LONDON (BP)–A British pro-life party was given a court’s go-ahead Jan. 26 for a full judicial review into current fertilization law, a move that could foil the recent decision by Parliament to legalize the cloning of human embryos, according to a CNSNews.com report.

It will also be the first time in history in which the legal status of the cloned human embryo will be examined in court, Bruno Quintavalle, director of the Prolife Alliance, said.

If Britain’s High Court rules in favor of the group’s submission, the government may have to go back to the drawing board and submit primary legislation to have cloning and manipulation of early stage human made legal.

The upper House of Lords on Jan. 22 voted in favor of new regulations to allow the cloning of human embryos for medical research, following its approval by the House of Commons late last year.

During the Jan. 22 debate, the government was criticized for rushing the measure through by making it an unamendable order rather than using the normal legislative procedure.

The decision was to allow researchers to use embryos up to 14 days old — both cloned ones and “spares” from in vitro fertilization treatment — to harvest special “stem cells” cells which they hope will help treat degenerative diseases.

The government sought to placate concerns by saying it would also bring forward legislation banning “reproductive cloning” — the full-scale cloning of people — and British researchers looked set to be issued with licenses to begin the controversial work late this year.

But the new development could take the government back to square one.

Some months back, the Prolife Alliance submitted an application for a full judicial review of the government’s decision to accept a report by its chief medical officer, who recommended that embryonic cloning and stem cell research be allowed.

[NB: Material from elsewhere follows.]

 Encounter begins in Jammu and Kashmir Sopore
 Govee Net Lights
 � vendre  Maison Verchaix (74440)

The group claimed that the foundational law on fertilization in the United Kingdom, the Human Fertilization and Embryology Act of 1990 — on which the new government regulations hinge — contains no provisions covering cloned embryos.

The technology that produces cloned embryos, the Prolife Alliance said, had not even existed when the law was passed in 1990.

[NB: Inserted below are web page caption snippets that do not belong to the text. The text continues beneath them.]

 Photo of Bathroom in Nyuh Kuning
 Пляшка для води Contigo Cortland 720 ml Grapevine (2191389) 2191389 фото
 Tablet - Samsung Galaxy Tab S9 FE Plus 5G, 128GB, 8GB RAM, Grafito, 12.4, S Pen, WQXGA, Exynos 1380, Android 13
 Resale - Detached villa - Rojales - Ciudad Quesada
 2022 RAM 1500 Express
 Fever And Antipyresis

The bottom line is that, at the moment, the existing law doesn’t make cloning illegal at all, it argued, and for the past 10 years researchers could have cloned embryos without breaking the law. By promising now to pass another law specifically outlawing reproductive cloning, the government was effectively admitting this.

Because of this situation, the Prolife Alliance said it believes that “only primary legislation can cover adequately the complex issues in question.”

On Jan. 26, the Prolife Alliance was told that a preliminary hearing into the matter was unnecessary as a full hearing before the High Court has been granted. No date has yet been set.

Quintavalle told CNSNews.com the court decision is highly significant.

“It is an acknowledgement that the complex legal challenge is valid, and were we as claimants to obtain a positive judgment at the forthcoming hearing, everything that has been deliberated in the House of Commons and House of Lords would have to be revisited as primary legislation.”

That means the government would have to draft a bill and nurse it through committee stages and several readings of both houses, with full debates, CNSNews.com reported.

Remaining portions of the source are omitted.